Ontem, no primeiro dia de seu mandato tampão, o vice-presidente do Conselho Superior do Ministério Público Federal (CSMPF), Alcides Martins, que assumiu, interinamente, a chefia da Procuradoria-Geral da República (PGR), “em nome da continuidade", anunciou o retorno dos integrantes do grupo de trabalho da Lava-Jato na PGR que haviam deixados seus postos na reta final do mandato de Raquel Dodge, por discordarem da forma como ela conduzia a operação. Dos seis integrantes, cinco voltaram o cargo. A decisão é uma saia justa para o futuro procurador -geral, Augusto Aras, indicado pelo presidente Jair Bolsonaro, cujo nome está sendo submetido à aprovação do Senado.
Valeixo fica
Aras esteve ontem com o ex-presidente do Senado Renan Calheiros (MDB-AL), um dos mais duros críticos da Lava-Jato no Congresso. Saiu do encontro anunciando que pretende estender a Operação Lava-Jato para outros estados. A decisão permite duas leituras: uma é a continuidade da operação; outra, o enfraquecimento da força-tarefa de Curitiba, que concentrava as investigações. Aras, que negocia apoios no Senado para aprovação de seu nome, tinha o terreno livre para nomear o grupo que vai comandar a Lava-Jato em nível nacional, agora, não tem mais. Qualquer mudança na força-tarefa será um grande desgaste.

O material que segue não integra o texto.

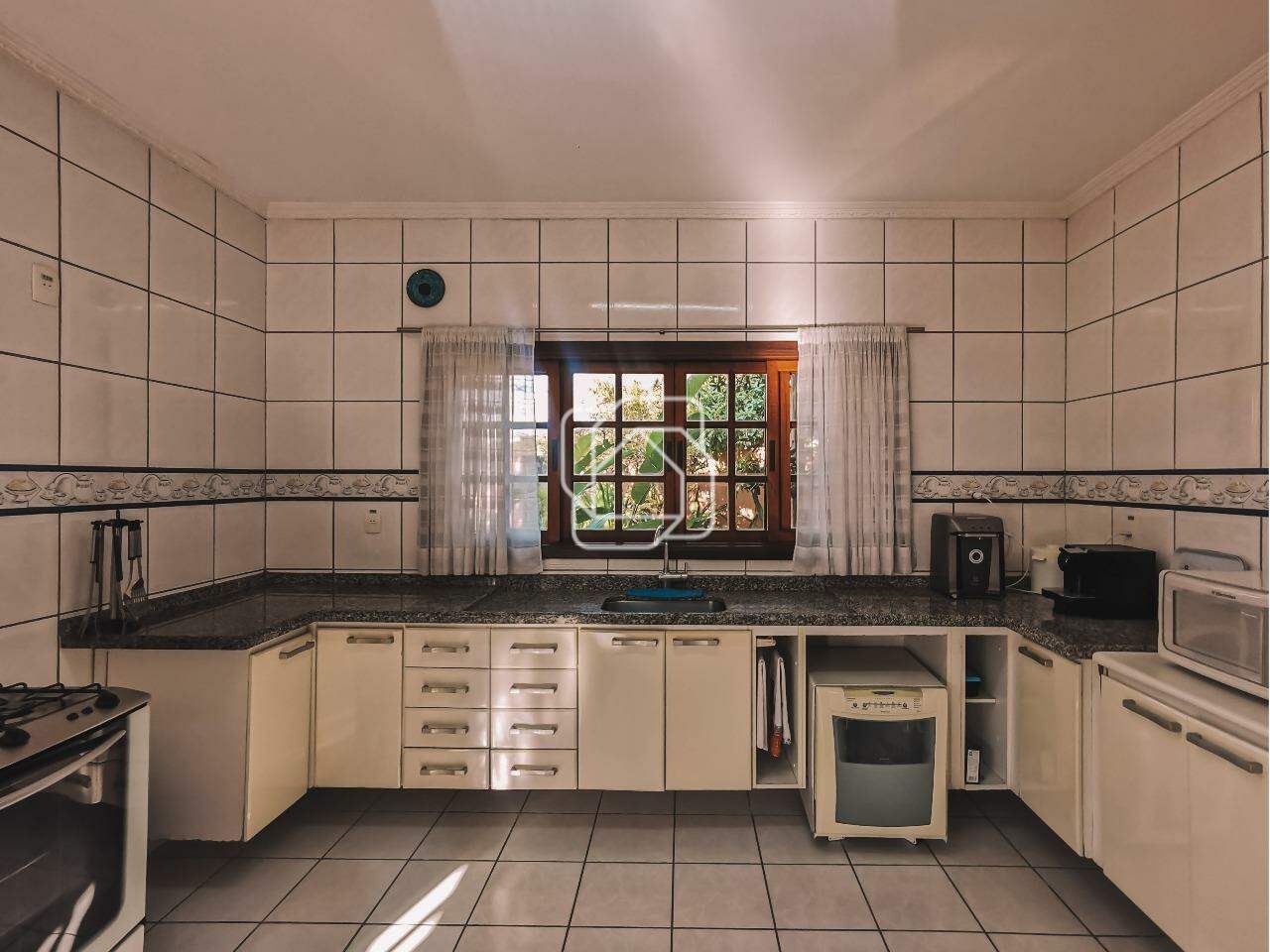 Casa de Condomínio à venda em Indaiatuba - SP - Vale das Laranjeiras: Cozinha
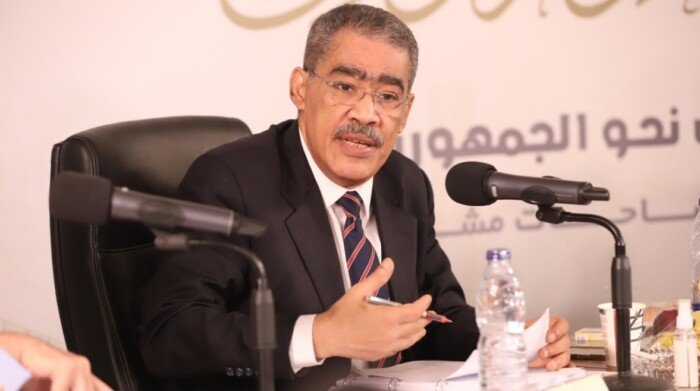 «فضفضة مهنية».. وزير الدولة للإعلام يوجه نداءً للصحفيين والإعلاميين لفتح المجال أمام مختلف الآراء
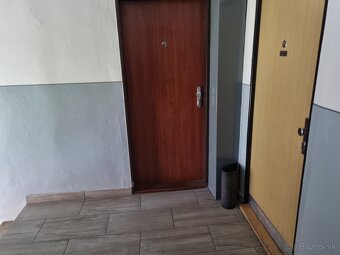 VÝHODNÁ PONUKA dvojizbový byt s balkónom v Lučenci - 10
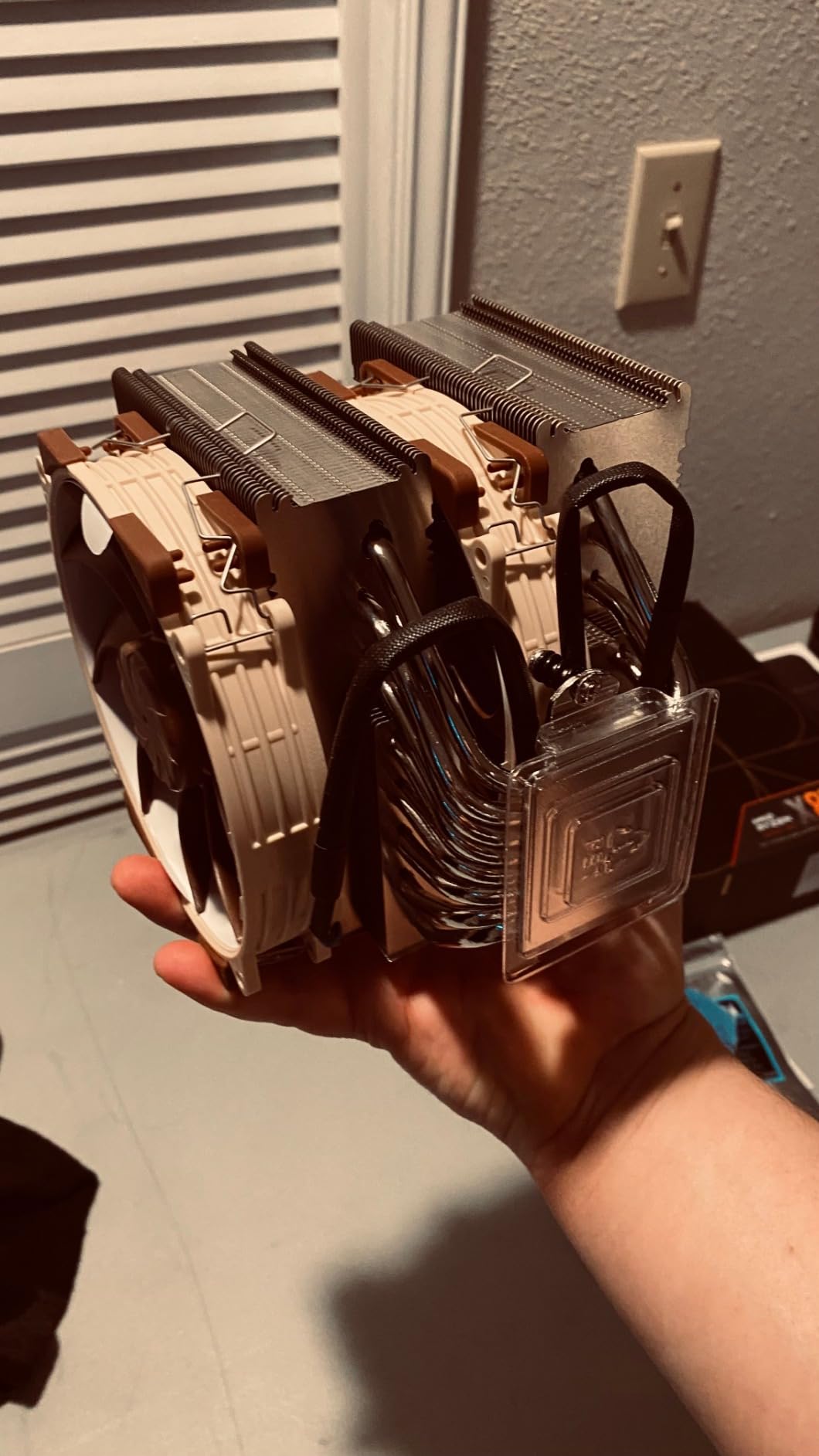 Noctua NH-D15 G2, Quiet High-Performance Dual Tower CPU Cooler | 168mm Height, Ultimate Low-Noise Cooling, 8 Heatpipes, For Intel & AMD, Dual Enthusiast-Grade 140mm Fans, Rich Accessory Kit customer photo 1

Outra novidade é a permanência do diretor-geral da Polícia Federal no cargo. O delegado Maurício Valeixo, que volta de férias hoje, esteve com a cabeça a prêmio por causa de um desentendimento entre o ministro da Justiça, Sérgio Moro, e o presidente Jair Bolsonaro. A saída de Valeixo era dada como certa após o presidente da República ter declarado, no mês passado, que poderia trocar a direção do órgão.
O motivo da irritação do presidente da República foi a indicação, por Valeixo, do delegado Alexandre Saraiva, para a superintendência do Rio de Janeiro, no lugar do delegado Ricardo Saadi. Bolsonaro chegou a dizer que havia determinado a saída de Saadi por "questão de produtividade". Foi desmentido pelo diretor-geral, em nota da PF, que justificou a troca como uma decisão previamente planejada e não uma decorrência do trabalho do delegado.
Moro manteve Valeixo, ex-integrantes da força-tarefa da Lava-Jato em Curitiba. Resistiu ao processo de fritura ao qual foi submetido por Bolsonaro desde o episódio da liminar concedida pelo presidente do Supremo Tribunal Federal (STF), ministro Dias Toffoli, à defesa do seu filho, senador Flávio Bolsonaro (PSL-RJ), na qual sustou todas as investigações feitas pela Polícia Federal com base nos dados da Comissão de Controle de Operações Financeiras (Coaf) obtidos sem autorização judicial.